There is an old tradition going back all the way to Leibniz himself to think of differentials intuitively as "infinitesimal numbers". Through the course of history, big minds have criticized Leibniz for this. Thus, Russell accepted Cantor's claim that infinitesimals are inconsistent and even reproduced it in his book Principles of Mathematics in 1903.

But then something profound happened in 1961: Abraham Robinson, one of the most profound thinkers of the foundations of mathematics, taught the world a rigorous construction of infinitesimals in the traditional framework of the Zermelo-Fraenkel set theory, expressed in terms of the theory of types. Among other things, this is a fully rigorous mathematical context in which the old intuition of Leibniz and the intuition of plenty of naive physicists finds a full formal justification. In Robinson's framework those differentials explicitly exist as infinitesimal elements of a suitable real closed field.

A detailed exposition of how this works is in Robinson's 1966 book but simpler treatments have been developed since, such as the books by Martin Davis or by Robert Goldblatt, including exposition of differentiation via infinitesimals.

Notice that this is not just a big machine to produce something you already know, as some will inevitably hasten to think. On the contrary, this leads the way to the more sophisticated places of modern physics, as developed in detail in the book by Albeverio et al.:

Albeverio, Sergio; Høegh-Krohn, Raphael; Fenstad, Jens Erik; Lindstrøm, Tom. Nonstandard methods in stochastic analysis and mathematical physics. Pure and Applied Mathematics, 122. Academic Press, Inc., Orlando, FL, 1986. xii+514 pp.

Note 1. Lawvere's contribution in the framework of category theory dates from the 1970s.

Note 2. (In response to user Ovi's question) Robinson's framework is part of traditional analysis in the sense that it uses the traditional Zermelo-Fraenkel foundations and classical logic (as opposed to Lawvere's approach which relies on intuitionistic logic in a break with classical mathematics). Robinson's framework is an active research area today, featuring its own journal: Journal of Logic and Analysis (see http://logicandanalysis.org/) and an ever increasing number of monographs; most recently by Loeb and Wolff (see http://www.springer.com/us/book/9789401773263).

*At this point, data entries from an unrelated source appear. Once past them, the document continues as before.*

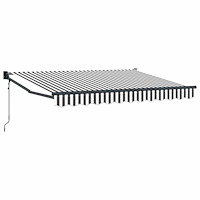 vidaXL Elektrisk Retraktabel Markis Antracit och vitt 2,5 x 2 m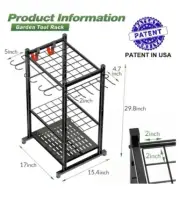 Garden Tool Organizer Storage Hooks Yard Tower Rack Organization up to Garage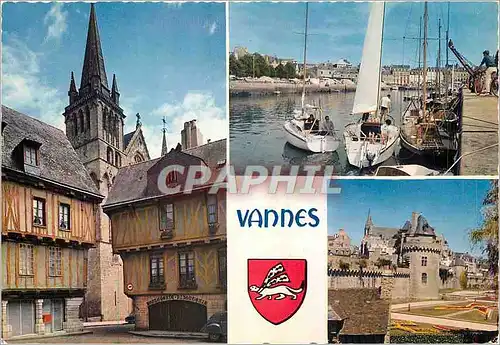 Moderne Karte La Bretagne en couleurs Vannes (Morbihan) Les Vieux quart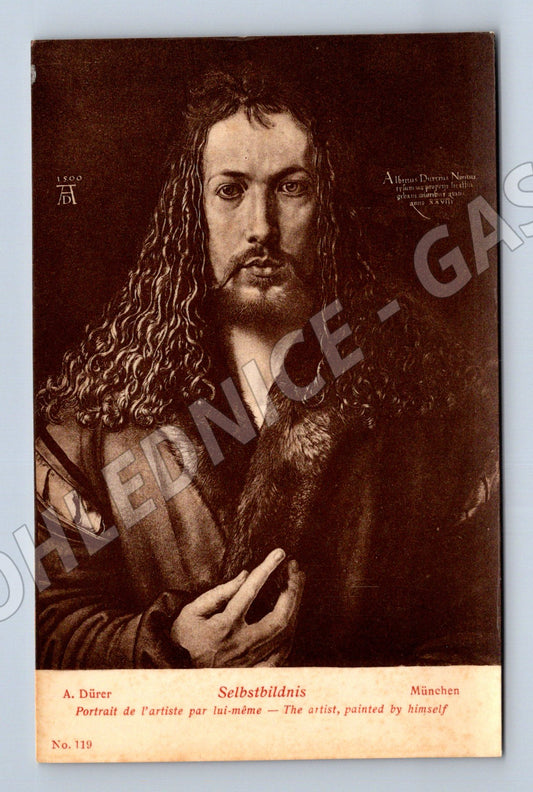 Pohlednice Albrecht Dürer Autoportrét (M14151)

Note 3. Since the status of infinitesimals in nonstandard analysis seems to be of concern of some contributors here, I would like to add the following comments. In the axiomatic approach to nonstandard analysis, one can find infinitesimals in $\mathbb R$. Furthermore, this can be done effectively, in the sense of not using the axiom of choice at all. See this recent publication: https://arxiv.org/abs/2305.09672 Therefore these infinitesimals are numbers in the ordinary sense. They exist in a sense no different from $\mathbb R$ existing. Therefore they are on-topic here. The infinitesimals of nonstandard analysis are a vindication of Leibniz's perspective on the calculus, 3 centuries later. If one works with nonstandard extensions of the set-theoretic universe, then the construction of such an extension requires nonprincipal ultrafilters. However, in the axiomatic approach, no ultrafilters are needed to do nonstandard analysis, due to the conservativity result of Hrbacek and Katz; see https://doi.org/10.1016/j.apal.2021.102959

  • I have heard to Abraham Robinson's analysis, but why doesn't it seem to be used very often? Is it inferior to the mainstream analysis? – Ovi Dec 17 '15 at 08:40
  • @Ovi, that would make a nice separate question. – Mikhail Katz Dec 17 '15 at 09:01
  • Robinson's can usefully left to those with a passion for logic and the foundations of mathematics. It amounts to a fancy way of taking limits and is based on mathematics way beyond the scope of physicists. It was in fact the topic of my first published research paper, but I have since recognised that it is better left alone. – Charles Francis Jun 08 '23 at 05:22
  • In the axiomatic approach to nonstandard analysis, one can find infinitesimals in $\mathbb R$. Furthermore, this can be done effectively, in the sense of not using the axiom of choice at all. See this recent publication: https://arxiv.org/abs/2305.09672 Therefore these infinitesimals are numbers in the ordinary sense. They exist in a sense no different from $\mathbb R$ existing. Therefore it would be inaccurate to claim that they are off-topic here. The infinitesimals of nonstandard analysis are a vindication of Leibniz's perspective on calculus, 3 centuries later. @CharlesFrancis – Mikhail Katz Jun 08 '23 at 08:29
  • @CharlesFrancis I looked up your first published paper. Your starting point there is a nonstandard extension of the set-theoretic universe. The construction of such an extension requires nonprincipal ultrafilters. However, in the axiomatic approach, no ultrafilters are needed to do nonstandard analysis, due to the conservativity result of Hrbacek and Katz; see https://www.sciencedirect.com/science/article/pii/S0168007221000178?via%3Dihub – Mikhail Katz Jun 08 '23 at 08:37
  • @MikhailKatz, there are no inifinitesimals in the real number line. The exist only in the nonstandard extension. This is precisely the sort of dangerous mistake which negates the value of non-standard analysis for practical purposes. And yes, like the real numbers infinitesimals exist in mathematics and not in physics. They are certainly off topic here. – Charles Francis Jun 10 '23 at 09:41
  • @CharlesFrancis We proved otherwise, in the leading logic periodical Annals of Pure and Applied Logic (APAL). If you find problems with our proof I would certainly be happy to hear the details. – Mikhail Katz Jun 10 '23 at 20:23
4

As you see from the variety of answers there are many possibilities to interpret differentials mathematically exact.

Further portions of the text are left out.